Ces crèches qui accueillent tous les enfants
Date
11 mars, 2015
Catégorie
Enfance
Auteur
Gaëlle Guernalec-Levy
Photo/Illustration
Francine Bajande

Article initialement mis en ligne le 11 mars 2015 sur le blog Enfances en France

Les modes d’accueil du jeune enfant constituent un instrument efficace de conciliation entre la vie privée et la vie professionnelle. Mais ils apparaissent aussi, de plus en plus, comme un instrument de lutte contre les inégalités. Accueillir des enfants pour permettre la réinsertion professionnelle de leurs parents est une priorité pour certaines structures, ainsi que l’accompagnement à la parentalité.

 

Des bébés qui rampent, pleurent, rient, font la sieste, du mobilier coloré, des locaux sécurisés, des règles d’hygiène, des rituels… A priori une crèche comme les autres. Sauf que cette structure là, « l’Arche de Noé » à Pierrefitte (93), est gérée par la fondation des Apprentis d’Auteuil. Si l’association fondée en 1866 est un acteur bien connu de la protection de l’enfance, elle est moins attendue dans le secteur des modes de garde. L’occasion a, en quelque sorte, fait le larron. « Il s’agit d’une conjonction d’opportunités, explique Marie de Saint-Laurent, directrice d’Auteuil petite enfance. Nous avions d’abord repris une grosse association à Marseille qui gérait notamment une crèche, puis nous avons été sollicités par une autre municipalité. Accompagner les parents dès la petite enfance cela fait de toute façon  totalement sens pour nous

Les modes de garde au service de la conciliation vie pro/vie perso et de l’égalité sociale

Ce nouveau positionnement des Apprentis d’Auteuil est intéressant car il rejoint l’évolution du regard porté sur les modes d’accueil depuis quelques années. La prise en charge des moins de trois ans apparaît de plus en plus comme relevant au moins autant de la politique sociale que de la politique familiale stricto sensu. Le développement quantitatif des solutions d’accueil a toujours pour but de permettre la conciliation entre vie familiale et vie professionnelle des parents actifs mais une nouvelle mission des modes d’accueil prend de plus en plus d’ampleur: contribuer à réduire les inégalités qui se creusent très tôt, en prenant en charge les enfants des familles les plus démunies, qu’elles soient en activité ou pas (et la plupart du temps elles ne le sont pas).

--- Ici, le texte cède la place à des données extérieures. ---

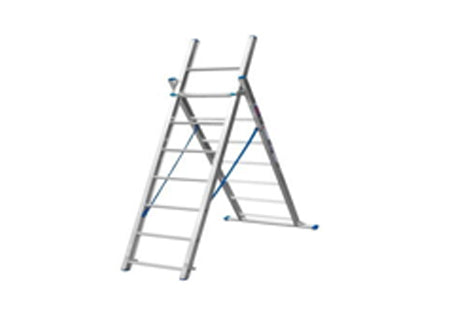 Ladder 3 in 1 Tri-Function 7 Step Aluminium GRAVITY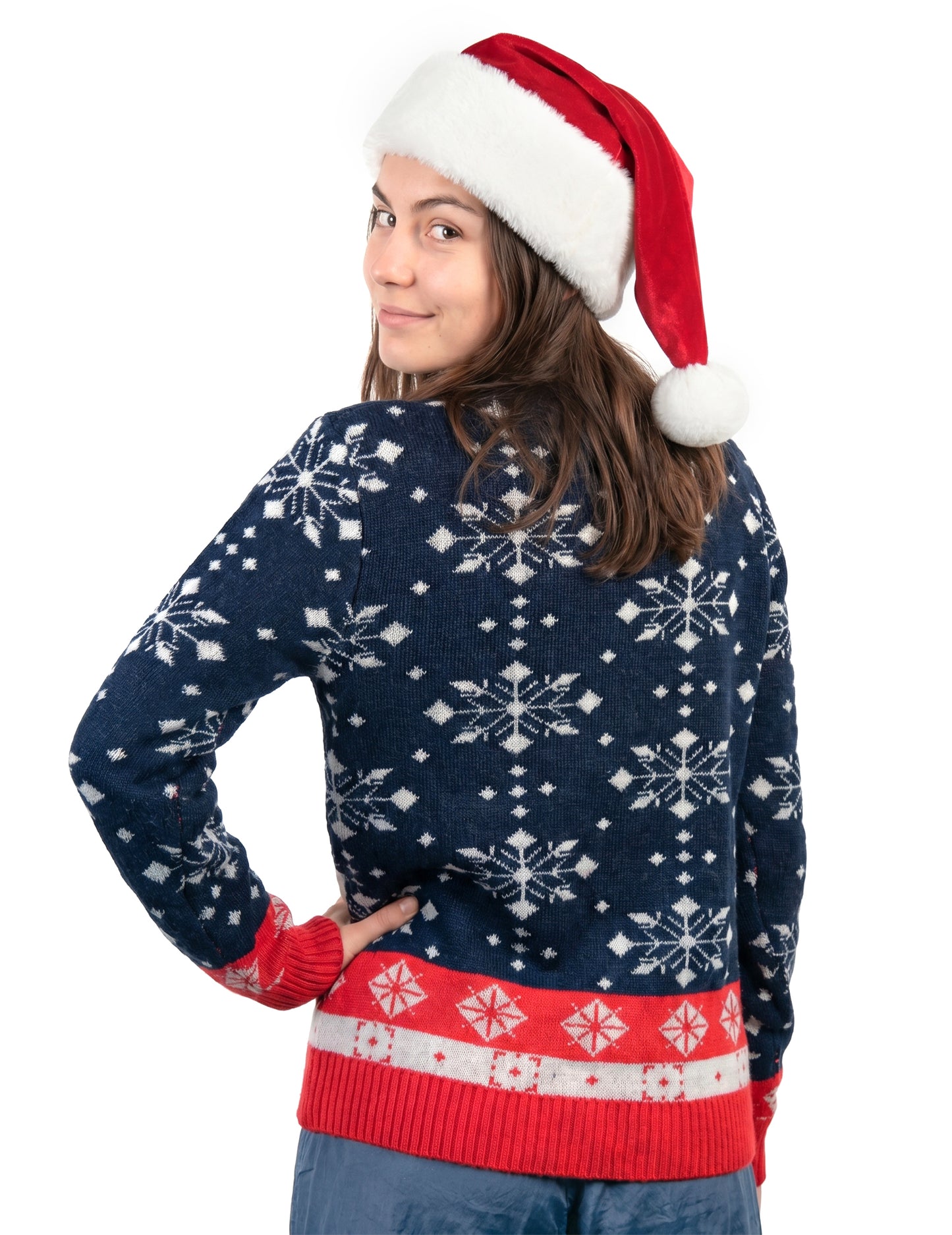 Kersttrui met Sinterklaas volwassene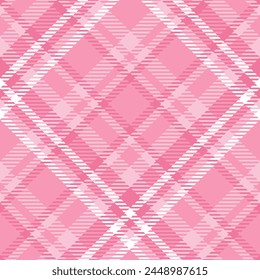 Pink Tartan Pattern Seamless. Sweet Checker Pattern for Shirt Printing, clothes, Dresses, Tablecloths, Blankets, Bedding, Paper, quilt, fabric and Other Textile Products.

Deux objectifs sont poursuivis : favoriser l’insertion professionnelle de la mère et offrir à l’enfant un environnement stimulant. Cette volonté de rendre accessibles les modes d’accueil aux ménages les moins aisés repose en grande partie sur les crèches. Dans un rapport rendu public en novembre 2013, la Cour des Comptes avait montré que 64% des enfants de ménages aisés étaient gardés à l’extérieur de la famille contre 8% des familles les plus modestes et le même rapport l’expliquait de la façon suivante : les aides à la garde d’enfant et les dispositions fiscales, en ce qui concerne la garde à domicile et le recours aux assistantes maternelles, favorisent davantage les plus riches. Des dispositifs comme l’instauration d’un tiers payant lors du recours à une assistante maternelle sont en cours d’expérimentation.

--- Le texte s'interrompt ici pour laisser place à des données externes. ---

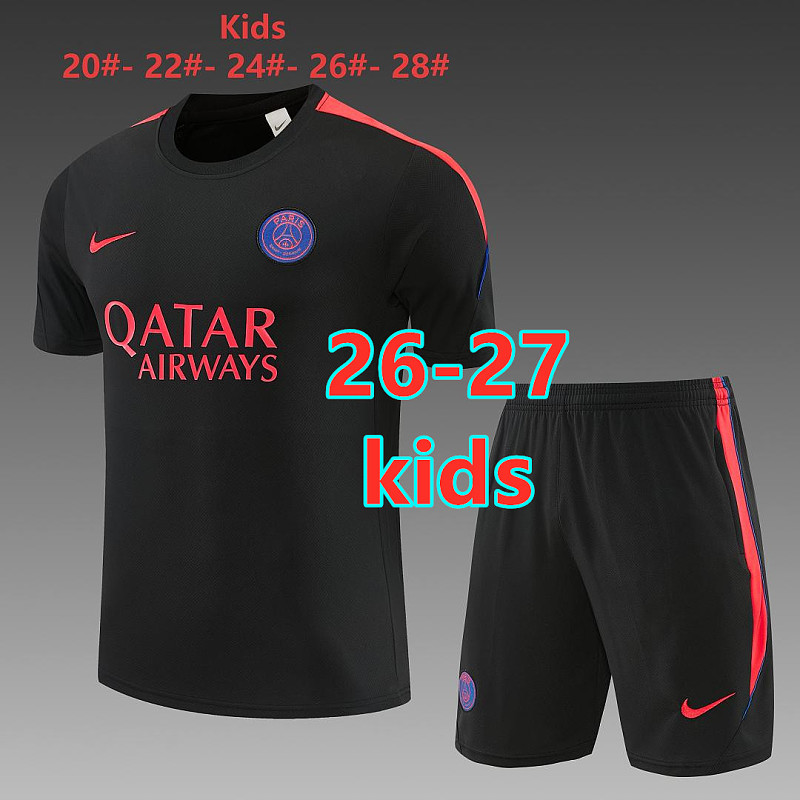 Balenciaga 26-27 Paris Psg Kids Short Sleeve Tracksuit 20 -28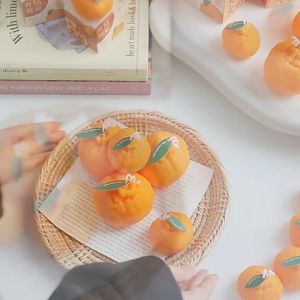 [Lunar New Year]Mandarin Orange Tangerine Shaped Scented Candle Aromatherapy Festival Party Home Decoration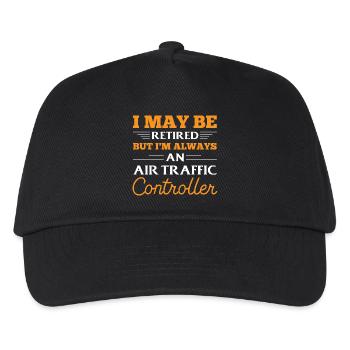 Funny aviation motif - Kids’ Baseball Cap - black - Front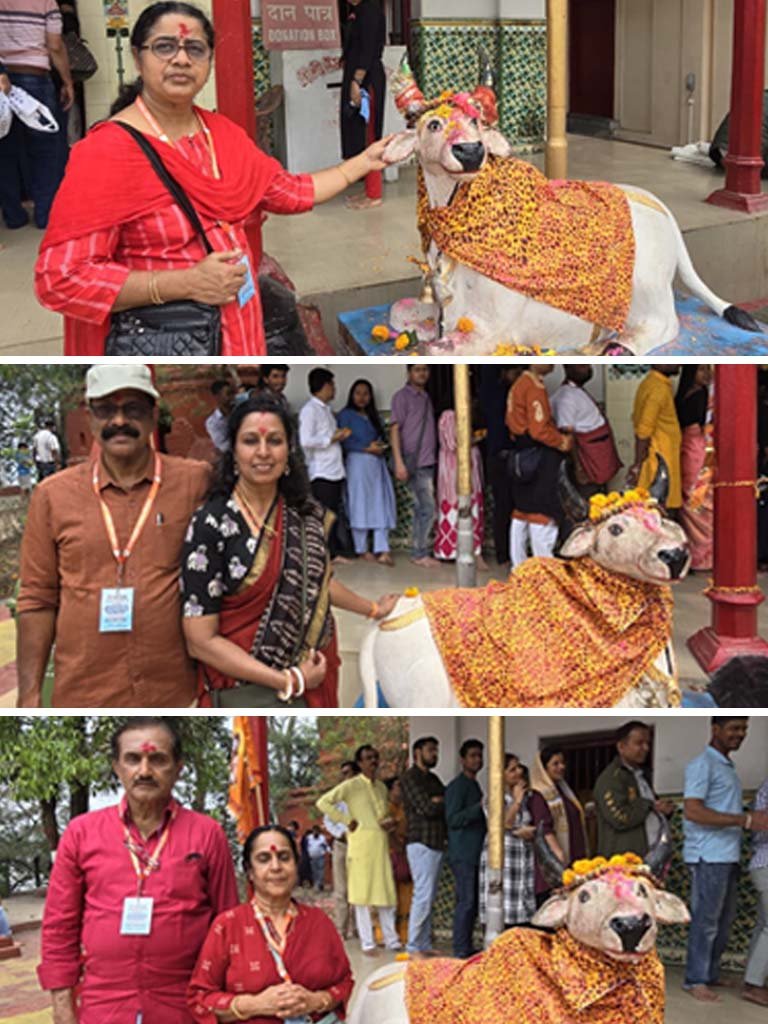 Assam-Meghalaya tour team at Umananda Temple at Peacock Island-2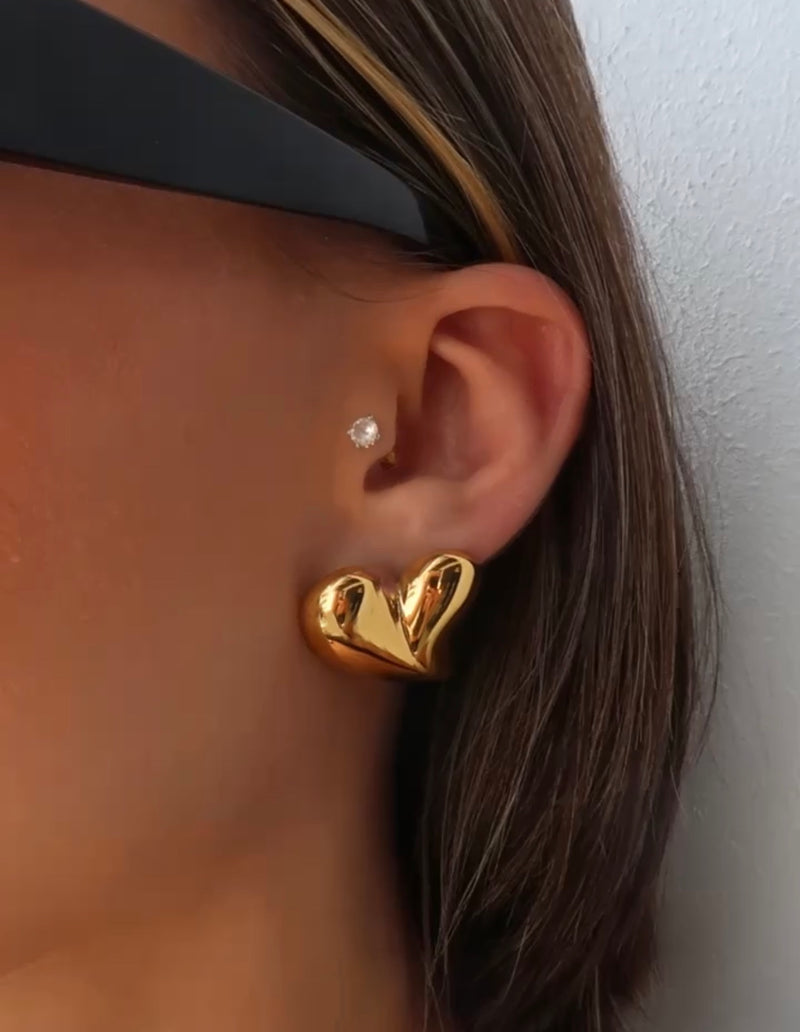 Jordie Heart Earrings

 Objectif : 10% d’enfants pauvres en crèches

Mais pour le moment, ce sont bien les établissements d’accueil du jeune enfant (EAJE) qui sont en première ligne sur le front social. Ce qui s’est notamment traduit par le fameux « 10% d’enfants pauvres dans les crèches » annoncé en son temps par Jean-Marc Ayrault. Avec ce pourcentage, le premier ministre de l’époque doublait l’objectif fixé par la loi. L’article L. 214-7 du code de l’action sociale et des familles impose en effet déjà aux EAJE de prévoir l’accueil «des enfants à la charge des personnes engagées dans un parcours d’insertion sociale et professionnelle, pour leur permettre de prendre un emploi, de créer une activité ou de participer aux actions d’accompagnement professionnel qui leur sont proposées ». Et l’article D. 214-7 du même code précise que le nombre de places ainsi garanties ne peut être inférieur à une place par tranche de 20 places d’accueil, soit 5% des enfants accueillis.

Cette prise en compte des ménages les plus pauvres a été réaffirmée en avril 2014 dans un document mis en ligne sur le site caf.fr et qui stipule : « Les Caf doivent veiller à ce que toutes les « crèches de quartier » bénéficiant de la Psu s’assurent que les enfants de parents engagés dans un parcours d’insertion sociale et professionnelle, dont les ressources sont inférieures au montant forfaitaire du Rsa puissent aisément accéder à une place d’accueil. (…)les gestionnaires doivent veiller à ce que la mixité sociale soit garantie et que les enfants de familles en situation de pauvreté puissent être effectivement accueillis au sein des Eaje.»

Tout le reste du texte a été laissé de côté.